The digital world offers us a spotlight. Facebook, Twitter, and little digital cameras insure that we can be the star of our movies every day. Every twirl, spin, and failed triple salchow gets recorded, replayed, and rebroadcast to friends and their friends. Or we hope that they are. At its best, the digital world bypasses all the publishers and art galleries in New York and heads directly to your pocket. Your picture of sunset over Cisco Beach can go out to millions of viewers. Or it could go out to ten. Our digital world has many copies but few originals.
Standing in the spotlight of our screen, we imagine the hundreds of faces in the audience. Maybe they admire the purples in your sunset, the humor of a quip, or the sudden wisdom at the end of your dancing videos. The ugly reality of performance is that you can only perform what the audience wants. You can’t frown, you can’t sneer, you can’t wax poetic, because you might not be “liked” or “shared.” Worse than electric silence, you could be mocked and THAT could go viral. You can post gossip, funny videos, and puppy pictures, but if you try for more than that, the audience will move on; too long, didn’t read.
The digital world seems very large; it contains every museum and library in the world. Yet, our world is shrink-wrapped small; our friends, their friends, and a bored co-worker might post a like and they might not. The more cat pictures we post, the more they will like us. Our actual Facebook world can fit into a bathroom. And they will take pictures.
Someday, we will figure all this out or the technology will get replaced with something newer and more amusing. Some engineer and marketing team is right now working on the next device that will amuse us in the middle of the crosswalk. Those folks remain focused on the further shrinking the world around us to our friends, their favorite TV shows, and a few select brands.

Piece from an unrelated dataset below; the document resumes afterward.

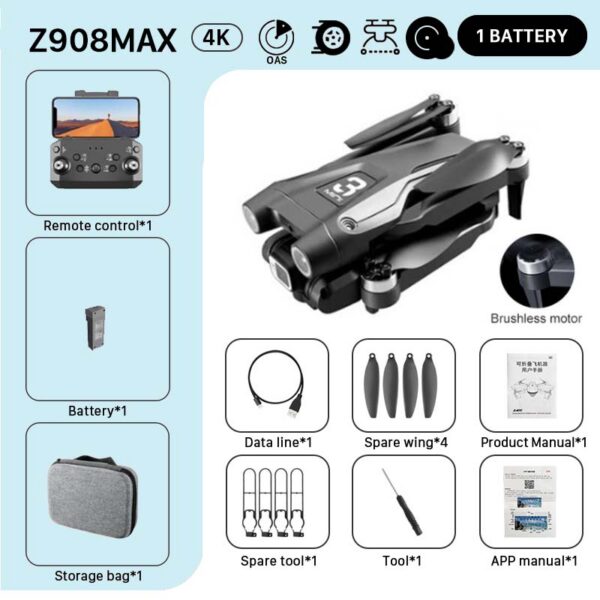 57aaf8a78b077fe5 KBDFA MINI Z908Pro Max Drone 4K ESC Professional WIFI FPV Dron Obstacle Avoidance Brushless Four-Axis Folding RC Quadcopter Toys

The school year begins in early September. The primary job of most high schools and teachers is prying the students fingers from their phones and turning off the spotlights. We have developed all sorts of tricks for this. At our most authoritarian, we install electronic blockers and hang collection bags from the chalkboard. At our most personal, we explain, coax, and cajole. They slip back into the shrink wrapped world when they leave the door.
I teach in a school built during the great Depression. It commands the center of town, peering out behind two columns and four ancient elms. Just inside the doors, nine feet off the floor, they placed a plaque: “Erected so that her youth may here acquire the knowledge which makes for a larger life.”
I can imagine what the builders meant. They worked for pennies and never traveled farther than twenty miles from their birthplaces. Their bosses were sons of the bosses before them. Their meals were the same meals they had as children. And now, their poverty was the same poverty their parents endured. The world ended at the beach.
They came home from work at the hotels and the wharfs and the power plant and wanted something better and bigger than they had right now. Without the power of the Common Core and a hundred thousand consultants, they could only wish for a ”larger life.”
A “larger life” happened off-island, in Boston, New Bedford, or New York. A larger life had names they didn’t know, streets they couldn’t find, and food they couldn’t pronounce. A larger life had big ideas, big buildings, and big events. And big checks. They wanted their children to work for strangers, to get paid in checks, and get weekends off. They wanted a larger life than Nantucket could offer them.
So they trusted in the schools. They built it as a port where they could send their children off to a world that didn’t want their parents. At that school, they could learn the math and the literature and the knowledge that made for useful tools away from a small sand spit in the cast away corner of the ocean. Their children would grow into a larger life here, and then at University, and that at work and then, decades later, bring that large life back to a small island.
The cause endures. The school exists to crack the wrapping off of their students and bring them into a larger life. We pry them free from their friends, families, and phones. A larger life happens on a larger stage with a bigger audience and a brighter spotlight. You come to it with your head up, your eyes open, and a healthy respect for moving vehicles.